Former Jazz Early life and career:

  • He gained the most fame during his four-year tenure at Portland State University from 1974-75 to 1977-78. Only Pete Maravich has amassed more collegiate points than he has in his career (3,667).
  • He averaged more than 30 points per game throughout his final three college seasons. It was one of four games where he scored at least 59 points, the other two being an 81-point outburst against Rocky Mountain in February 1978.
  • Larry Bird, Magic Johnson, and Mychal Thompson were among the 1977-78 All-American basketball team members that included Williams. During his junior and senior years, he was the leading scorer in the NCAA. 
  • In January 1982, the Atlanta Hawks acquired Williams from the Los Angeles Clippers to deal with the Los Angeles Lakers. Following the signing of the contract, he appeared in only 50 more NBA games, including nine with the Washington Bullets in 1985-1986.
  • While playing with the Jazz and Bullets, Williams spent some time with the Tampa Bay Thrillers of the Central Basketball Association (CBA). With four different NBA teams, he appeared in 323 games, averaging 14.7 points per game on average.
  • In 1997, Williams was inducted into Portland State University’s inaugural athletics Hall of Fame class, established to honor outstanding athletes. The institution also retired his No. 20 jersey, which he wore during his time there.

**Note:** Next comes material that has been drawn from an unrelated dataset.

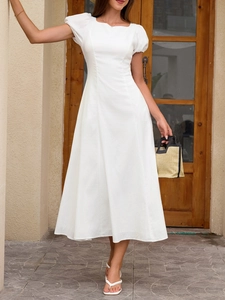 Detail of white A-line dress featuring puff short sleeves and minimalist square neckline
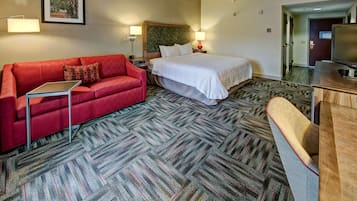 Een hotelkamer met een rode bank, een bed met witte beddengoed, een bureau met een laptop en een televisie.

Interesting facts About Former Jazz

  • Averaging 30.7 points per game, the 6-foot-4 guard is the second-highest scorer in Division I history after Pete Maravich, who has 3,249 points. Maravich scored 3,667 points on an average of 44.2 points per game.
  • Williams, who played football for the Vikings from 1974 to 1978, was a dominant figure in the PSU athletics department. Williams’ top four games resulted in 81 points being scored.
  • Mariani worked in the ticket booth for basketball games during Williams’ first and second seasons as a student. When the smooth-shooting scoring wonder took the court, the 1,800-seat gymnasium was packed with admirers. The fire marshal cautioned the PSU not to violate fire codes since they allowed in as many fans as possible.
  • For the most part, Williams was a person who was down-to-earth and friendly in his personality.
  • Williams’ three-point percentage was much more significant than the rest of the team.
  • After representing the United States at the 1977 World Games, Williams graduated from high school and was named the Oregon Amateur Athlete of the Year for his efforts in 1978. In addition to Larry Bird and Magic Johnson from Indiana State University, he was named to the first team of the NCAA All-Americans.

When he was alive, Freeman Williams served as an inspiration to many individuals.